- Prop. 209 bars gender, race-based criteria for selection
- CalPERS emerging manager program targets smaller firms
- “CalPERS/CalSTRS driving level of diversity, which is quite grand”: portfolio manager
California Public Employees’ Retirement System’s emerging-manager program is increasingly targeting investments with women- and minority-owned private equity firms, even though it’s not an official goal of the program, Portfolio Manager John Greenwood said at Buyouts’ Emerging Manager Connect West Thursday.
“The State of California and CalPERS/CalSTRS are driving a level of diversity, which is quite grand,” he said.
Emerging-manager programs sponsored by CalPERS and California State Teachers’ Retirement System don’t explicitly mandate diversity, unlike similar programs at Illinois and New York retirement systems. Both institutions are subject to a California law that prohibits investment decisions based on race or gender, presenting challenges as diversity became a priority for both institutions.
California’s Proposition 209, approved by more than half the state’s voters in 1996, prevents state agencies from creating race- or gender-based criteria for hiring contractors or investment managers.

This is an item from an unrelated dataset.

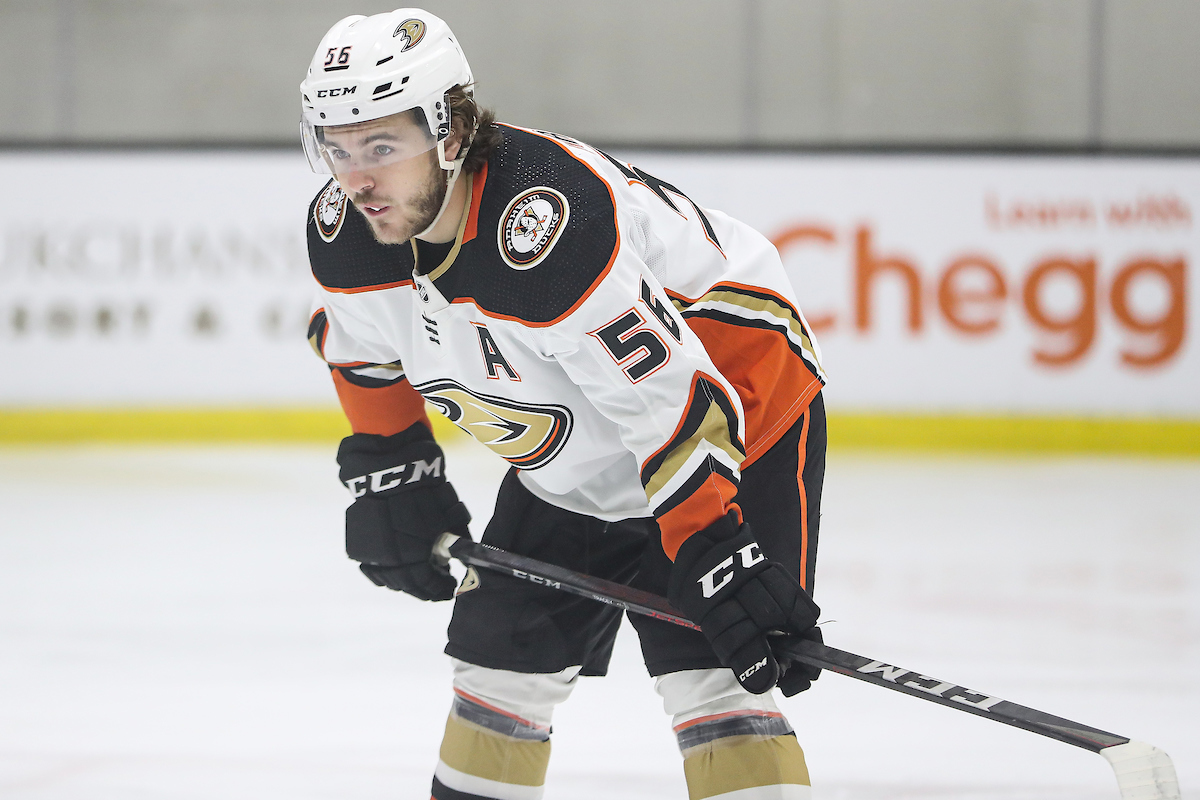 Former Victoria Royals winger and Anaheim Ducks prospect Brayden Tracey gets set on the ice at the 2022 Rookie Faceoff in San Jose, California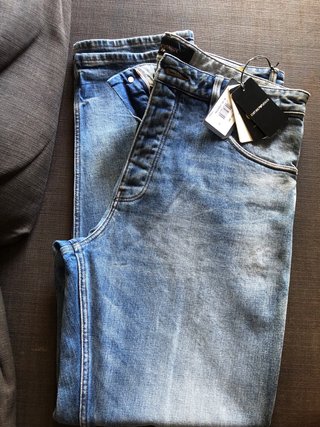 Vaqueros Emporio Armani Edición Limitada+Cinturón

CalSTRS CIO Christopher Ailman, speaking at CalPERS & CalSTRS Diversity Forum in Sacramento on May 10, called the law “cumbersome.” CalPERS CIO Ted Eliopoulos said at that event that limited partners are more often asking managers about the racial and gender makeups of their investment teams.
In recent years, CalPERS has dedicated considerable resources to finding firms raising their first or second funds, effectively diversifying its pool of managers without issuing requests for proposals that would have violated Prop. 209’s restrictions.
Less-established managers are more likely to be led by women and minorities. In effect, the emerging-manager program enables CalPERS to diversify its fund-manager group without formally establishing diversity as a priority, Greenwood said.
“I can see it growing,” he said, adding that he was encouraged by what he’d heard at the diversity event at which Ailman and Eliopoulos spoke earlier in the week.
The commitments CalPERS places with emerging managers could blossom into more significant relationships. In 2015, CalPERS introduced an “Emerging Manager Transition Plan” designed to maintain its relationships with managers that had outgrown its emerging-manager program but were too small to take on the $150 million allocations CalPERS places with larger managers. The emerging-manager program tends to allocate around $10 million or $15 million per commitment.
Another important thing with emerging managers, Greenwood said, is that “we have a large portfolio at CalPERS, and some of those managers are going to fall away over time, and we have to replace those. So emerging managers are very important in that regard.”